じゃあ傑作じゃないのか、と聞かれれば、勿論よく出來た作品であることは認めます。しかし個人的には「模倣の殺意」のような単純な仕掛けに惹かれますねえ。それともうひとつ。本作の仕掛けって、自分が最近レビューしたある作品に似ているなあ、と思いました。
中町信という作家は、創元推理文庫で「模倣の殺意」が出るまでまったくのノーマークでした。まあ、これはリリースされている小説のほとんどがなんたらかんたら殺人事件というタイトルに歸因するものではないかな、と。本作や「模倣の殺意」のようにタイトルを變えて再び創元推理から文庫化されることを期待しつつ。
天啓の殺意/中町信
(東京創元社 創元推理文庫)
柳生照彦から持ち込まれた犯人当てリレー小説・・・柳生の問題編に対し、タレントの尾道由起子に解決編を書いてもらい、その後に自分の解決編を載せる。要するに作家同士の知恵比べをしようという企画は順調に進行するかに見えたが・・・。
?..
古い記事にコメントつけてすいません。遅ればせながら天啓読みました。僕は模倣よりこっちのほうが好きかも・・・。
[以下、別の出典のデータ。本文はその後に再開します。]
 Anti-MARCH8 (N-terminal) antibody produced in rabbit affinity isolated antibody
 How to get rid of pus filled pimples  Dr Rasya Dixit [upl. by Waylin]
特に感心したのが、柳生の作中作で尾道由起子が浮気するシーンが執拗に描かれるんですが、これが現実パートで彼女の性格や行動をミスディレクションする効果を挙げてるんですよね。同時に柳生の行動の動機にもリンクしてくる。
僕の場合、驚愕度よりも腑に落ち度(笑)が印象に残って、天啓を高評価してみました。しかしこれ、レビューの書き難い作品ですね(^_^;)
コメント欄とはいえ、ネタばれ気味かも・・・↑。まずかったら消してくださいませ。ご面倒かけますm(__)m
take_14さん、こんにちは。上のコメントですけど、大丈夫でしょう。
確かにこちらの方が、デビュー作と違ってうまく回収していますよね。そちらのブログにも書いてらっしゃったように、こういう大胆な一発ネタで讀者を驚かすような稚気のある作品って最近は少ないです。貴重かもしれません。創元推理には中町氏の舊作を「タイトルを變えて(ここ重要)」リリースしてもらいたいものです。